27 febbraio 2017

L'estate prima della guerra

L’estate prima della guerra di Helen Simonson (edizione italiana Neri Pozza, con traduzione di Chiara Brovelli) è un libro che fa molta buona compagnia. È una di quelle belle storie ricche, piene di personaggi interessanti e di tante vicende che si annodano l’una all’altra con armonia; soprattutto, nonostante tanto movimento e tanti intrecci, non sente il bisogno di un sensazionalismo scontato e vuoto che purtroppo caratterizza tanta parte delle pubblicazioni contemporanee. L’ambientazione è (per me) tra le più suggestive possibili: l’Inghilterra meridionale inondata dal sole dell’estate del 1914 – gli ultimi rintocchi dell’epoca bella, prima del baratro. Entrano in scena numerosi personaggi giovani e vitali: Beatrice Nash, l’aspirante scrittrice lasciata sola al mondo dalla morte del padre, che lotta per la sua indipendenza e arriva a Rye, nel Sussex, per occupare un posto di insegnante di latino; Hugh Grange, medico chirurgo; suo cugino Daniel Bookman, poeta troppo sensibile e pieno d’amore per la vita; l’angelica Celeste, profuga belga; e il ragazzo del popolo, Snout, che non fa che rileggere l’Eneide. Poi ci sono i più anziani, come la passionale zia Agatha, l’altera Lady Emily, la rancorosa moglie del sindaco e lo scrittore di successo che è evidentemente, ma non completamente, ispirato a Henry James: tutti impegnati in una girandola di festicciole, riunioni e comitati la cui funzione è far sembrare che la guerra imminente non sarà altro che un’occasione per veder trionfare la gloriosa Britannia.
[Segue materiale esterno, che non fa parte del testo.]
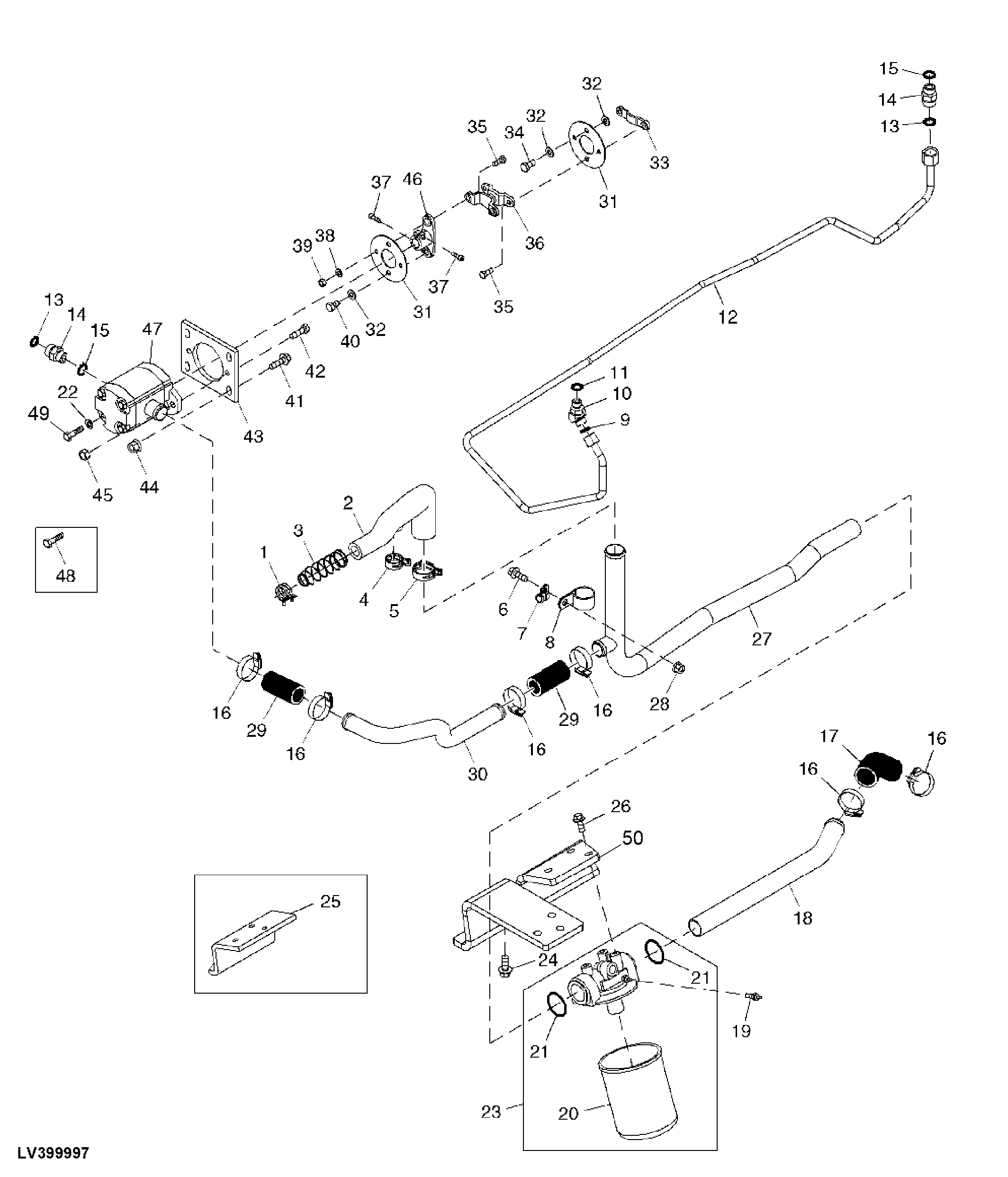Transmission Suction Line and Implement Pump Line ( - 411646)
Una bella storia, fatta di sentimenti forti che non si corrompono nel sentimentalismo e, in particolare alla fine, di una manciata di momenti eroici di alta qualità narrativa, per la loro intensità e insieme per la loro compostezza. Da leggere, per ricordarsi di godere sempre appieno del sole, del gusto delle cose, dell’amicizia – della pace.
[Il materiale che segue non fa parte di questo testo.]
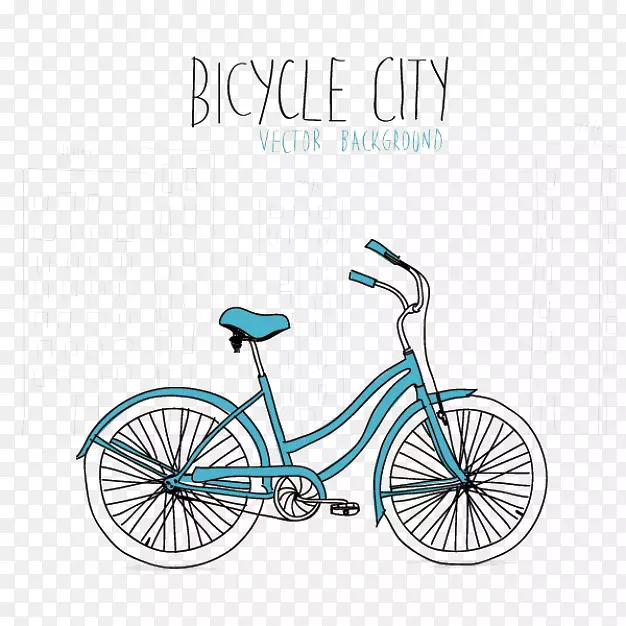 自行车图-蓝色自行车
Una casetta di Rye, forse simile al cottage di Beatrice Nash
nel romanzo. Foto: ©IpsaLegit2011
«La gente sventolava fazzoletti, ventagli e cappelli, restando a bocca aperta e chinandosi mentre i biplani di abbassavano ronzando sopra le loro teste. La banda attaccò una marcia allegra, quando salirono sopra la guglia della chiesa, per poi girare e scendere ancora, piombando sul fiume come uno stormo d’oche. E poi salirono e passarono ancora sulla folla. Dopo diversi giri nel cielo, la banda attaccò per la quindicesima volta Land of Hope and Glory mentre gli aerei volavano sulla palude. L’ultimo pilota si staccò dalla fila che stava sparendo per esibirsi nel finale, un passaggio lungo e basso parallelo al fiume e alla festa: l’aereo era a un’altezza e a una distanza tali che videro il pilota spingere indietro casco e occhialoni per salutare eccitato la folla. Era il giovane Craigmore, con i suoi capelli d’oro mossi dall’aria, e con un enorme sorriso stampato sul volto».